Another denoising project has appeared at developer.blender.org (compositing node)

Ace_Dragon · April 24, 2017, 12:44pm

https://developer.blender.org/D2649

The link to the GitLab page has more info and a little insight on how the algorithm works (though I will warn that the node looks complicated to use with the many sliders it has).

It also looks to me like it’s built with denoising Cycles scenes in mind, I’m curious to see where this will go and whether some of the technology gets absorbed into Lukas’ project.

He only has Linux builds right now, someone else will need to build for Windows and Mac.

3DLuver · April 24, 2017, 7:32pm

Hey, Did Build earlier and forgot. added this just because it was denoise based. It works but only on CPU but if you have a killer CPU setup may still be some use. But is SLOW.

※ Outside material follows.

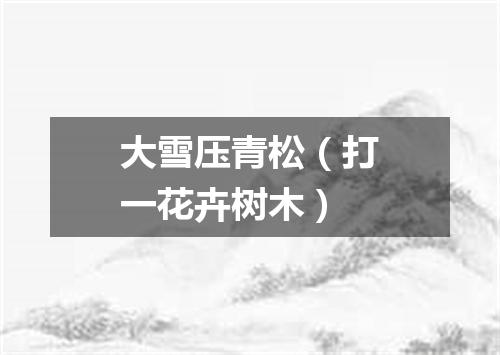 大雪压青松（打一花卉树木）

Give me a few mins just uploading the build.

This Build includes:

Opencl&Cuda_GPU Denoise system (This is Lukas latest Denoise code system)
GPU Denoise Multi GPU support (Even in Viewport, Def works for Cuda but not tested multiple Opencl GPU)
Scramble Distance added for solbol and multi jitter (works on CPU & GPU) Also added to Supported features render tab
Blue Noise Dithered Sobol
Thread Divergance Sort Reduction patch (Gives 30% speedup in classromm and 8% in barcellona)
Latest Master
Cycles: Implement persistent storage for all scene data (Patch D2613)
New Noise Nodes
SMAA Compositor node
New Denoise Compistor node
Cuda & Opencl Supported
Disney BSDF

https://mega.nz/#!Ao4EFRwL!w8GPRajtJOIQ9TXHuHaJeC0z24ZY2kKIj25yQzjw3pY

Tried a 2.8 Merge tonight and compiled fine, But Didn’t render shit. Ill Keep trying to Merge new 2.8 as a super experimental build as and when i find the blocking issues. Cant wait for these updates and 2.8 when we get a real time viewport that doesn’t suck balls.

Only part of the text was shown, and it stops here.